Top of Information supplied
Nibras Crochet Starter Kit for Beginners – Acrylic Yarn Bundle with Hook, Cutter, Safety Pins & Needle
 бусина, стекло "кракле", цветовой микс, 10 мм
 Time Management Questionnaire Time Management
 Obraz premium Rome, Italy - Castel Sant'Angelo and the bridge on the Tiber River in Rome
Bottom of Information supplied
◆ Exercise brief ◆
The full listing is to be copied verbatim.

◆ Exercise response ◆
Nibras Crochet Starter Kit for Beginners – Acrylic Yarn Bundle with Hook, Cutter, Safety Pins & Needle
 бусина, стекло "кракле", цветовой микс, 10 мм
 Time Management Questionnaire Time Management
 Obraz premium Rome, Italy - Castel Sant'Angelo and the bridge on the Tiber River in Rome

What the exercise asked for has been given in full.